Our denomination as a whole had already committed itself to recognition of war-tax resistance as a form of conscientious objection.
Now it was a matter of asking for support from the local congregation that had nurtured us and had had a vital influence on tiie formation of our peace position.
After the first church board discussion on the issue, the tax group prepared a proposal for a Fund for Life.
The original draft provided that resisters would deposit in the fund the money withheld from taxes.
Money unclaimed by the Internal Revenue Service was to become the property of the Manchester church as a completed gift by the original depositor and used for peace work.
As in an escrow account, money up to the amount deposited could be returned to the individual if the IRS should claim the sum.
The church board raised two objections.
If the money can be returned in full to the original depositor once the IRS demands it, where is the witness, the risk, the sacrifice?
If the church holds money owed to the government, might the whole congregation legally be implicated?
The board decided to bring the proposal to the next council meeting for discussion, and to delay a final vote for another six months to allow the congregation to reflect upon the issue of war-tax resistance.
The resulting education program was thorough and rewarding.
As expected, we met with disagreement and heated debate.
A second draft suggested that the money should be a completed gift from the beginning without strings attached.
Also, money deposited would not necessarily have to be withheld from taxes; anyone could contribute as an expression of support.
The tax group found this second draft more true in some ways to the original intent.
Both drafts were presented in Sunday school classes.
After three more modifications, the group settled on this wording:
The congregation leaves the withholding of war taxes to the individual conscience of each member or friend.
Any member or friend of the Manchester Church of the Brethren may contribute money to the Fund for Life.
The income from said gifts and the gifts themselves shall be used by the church for activities that are expressly peace-making, including the support of those persons mentioned in item four.

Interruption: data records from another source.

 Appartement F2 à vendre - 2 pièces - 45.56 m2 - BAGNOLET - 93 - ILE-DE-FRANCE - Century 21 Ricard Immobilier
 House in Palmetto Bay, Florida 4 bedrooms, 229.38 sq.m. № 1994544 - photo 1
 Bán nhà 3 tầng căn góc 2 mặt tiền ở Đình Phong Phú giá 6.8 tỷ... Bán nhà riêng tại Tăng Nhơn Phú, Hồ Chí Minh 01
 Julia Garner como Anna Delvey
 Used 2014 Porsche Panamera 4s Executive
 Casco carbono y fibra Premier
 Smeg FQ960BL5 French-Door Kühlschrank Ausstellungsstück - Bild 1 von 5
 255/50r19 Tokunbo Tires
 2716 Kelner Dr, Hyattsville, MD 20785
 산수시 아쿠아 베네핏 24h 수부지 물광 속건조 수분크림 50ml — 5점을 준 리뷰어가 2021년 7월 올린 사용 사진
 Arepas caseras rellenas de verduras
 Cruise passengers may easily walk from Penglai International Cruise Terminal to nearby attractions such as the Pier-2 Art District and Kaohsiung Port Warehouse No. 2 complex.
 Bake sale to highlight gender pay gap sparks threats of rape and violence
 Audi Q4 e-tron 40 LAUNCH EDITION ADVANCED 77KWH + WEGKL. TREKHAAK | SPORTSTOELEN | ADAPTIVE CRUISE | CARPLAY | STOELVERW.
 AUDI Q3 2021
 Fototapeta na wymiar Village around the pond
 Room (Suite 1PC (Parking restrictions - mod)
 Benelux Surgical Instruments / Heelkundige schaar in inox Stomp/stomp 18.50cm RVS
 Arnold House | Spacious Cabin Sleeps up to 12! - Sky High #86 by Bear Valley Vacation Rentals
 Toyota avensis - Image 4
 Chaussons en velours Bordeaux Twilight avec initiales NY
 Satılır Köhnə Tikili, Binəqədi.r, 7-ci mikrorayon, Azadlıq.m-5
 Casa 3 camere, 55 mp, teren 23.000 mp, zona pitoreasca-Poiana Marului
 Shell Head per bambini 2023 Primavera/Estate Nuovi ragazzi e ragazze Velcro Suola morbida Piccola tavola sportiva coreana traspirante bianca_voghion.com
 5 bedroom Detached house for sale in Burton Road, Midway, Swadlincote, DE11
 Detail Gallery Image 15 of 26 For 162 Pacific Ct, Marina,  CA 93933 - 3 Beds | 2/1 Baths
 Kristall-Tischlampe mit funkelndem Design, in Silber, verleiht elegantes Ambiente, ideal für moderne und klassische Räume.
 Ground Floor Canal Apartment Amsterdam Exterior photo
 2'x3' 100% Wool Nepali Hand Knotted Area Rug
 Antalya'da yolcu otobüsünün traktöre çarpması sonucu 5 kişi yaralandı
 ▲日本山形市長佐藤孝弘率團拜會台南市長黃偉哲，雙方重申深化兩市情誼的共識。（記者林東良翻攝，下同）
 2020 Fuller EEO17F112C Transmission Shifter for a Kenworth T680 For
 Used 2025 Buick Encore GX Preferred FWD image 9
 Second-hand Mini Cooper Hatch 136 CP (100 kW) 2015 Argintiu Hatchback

None of these gifts or the income from said gifts shall be used for the operating budget of the church.
Upon request, our congregation shall financially assist any member or friend who withholds war taxes if the Internal Revenue Service presses for collection of his/her tax liability.
Such contributions shall come from the fund or from special contributions of individual members of the congregation.
This latest version was adopted by the church in the .
Our need for education and discussion on this subject increases.
Every year we are painfully made aware of the shift in priorities in our national budget; every year more billions are sacrificed for weapons which will destroy God’s creation.
The Fund for Life has been an attempt to seek alternatives to quiet acquiescence.
It is a small but significant step in accordance with the faith we proclaim.
The study of peacemaking has led some Brethren to question the payment of taxes that support the military system.
Southern Ohio has a special committee on the World Peace Tax Fund.
Michigan’s district conference in will act upon a resolution that urges congregations not to pay telephone taxes.
Manchester (Ind.) church has created a Fund for Life (see [above]).
Galen and Wanda Miller, of Oregon/Washington District, divide their Federal tax into two checks — one made out to the Department of Health and Human Services and one to the Internal Revenue Service — and include a letter stating that they don’t object to paying taxes for constructive programs.